I tried to get Spanky to go back into his enclosure. However, the closer we came to the property line B1 became more aggitated. I kept making attempts and speaking firmly to the aggressive dog, but he would have nothing of it. B1 came up to me and pretended he was going to eat me. I stood my ground and he backed off. We were at an impass.
Later B1, and B2 went back into the fence. I thought, "Hey, that dog might try to get a jogger, I'm going to go see if I can close the fence. So, I started across the neighbor's front yard to shut the gate to the back yard.

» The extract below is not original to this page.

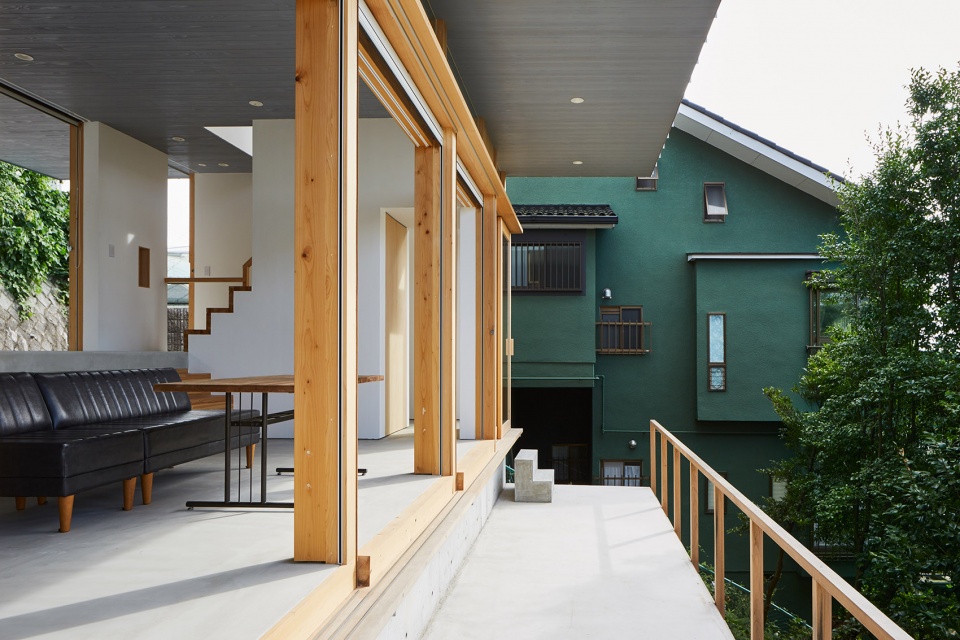 three tiered platforms by ihrmk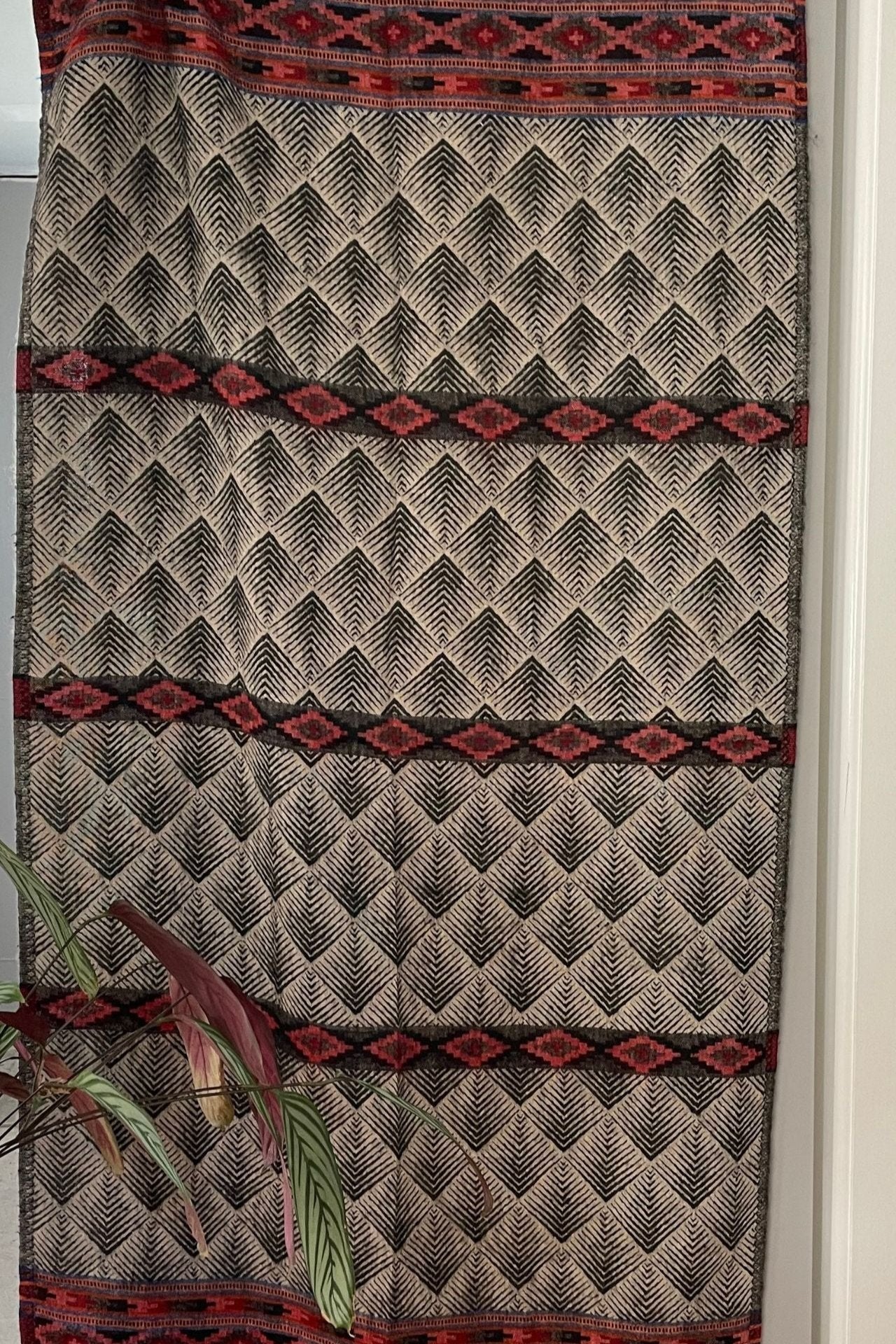 Surya Australia Ethical Tibetan Throw Rugs made in Nepal - Black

About 10 feet from the gate, I noticed that B1 (who was now at the rear of the property) noticed me. As soon as I saw him I thought, "He isn't going to stop this time." I just turned and ran as fast as I could. As I neared the street I saw a truck coming.
It was the dog or the truck. I knew the driver of the truck would curse me, but I knew I could beat him - so, I just ran right across with the dog closing fast. I jumped the front steps (it was about forty yard dash) and got in the door just as B1 came to a screeching halt at the base of the steps. He was not happy!
Later, I saw someone walking Spanky toward the neighbor's yard. I watched as he got closer and closer. I went outside. "Better be careful," I told him. "The Boxer doesn't like people in his yard. The man seemed confused but stopped in the yard next to the dogs' home. I then noticed B1 inching closer to the boundary. "You had better watch that brown one," I said with a little more urgency. At just about that time, B1 went for the good Samaritan.
I shouldn't have, but I couldn't help but laugh as the man did a jig and turned to get away as quickly as possible. I wasn't laughing at him. I was laughing at me. I wish I could have seen my own reaction as I was running faster than I have since I ran track in high school! Oh, that driver? He slowed to see the finale of the show - he wasn't cursing. He was laughing too.
Of course, in Beth's case, it was no laughing matter. I trust she will get well soon.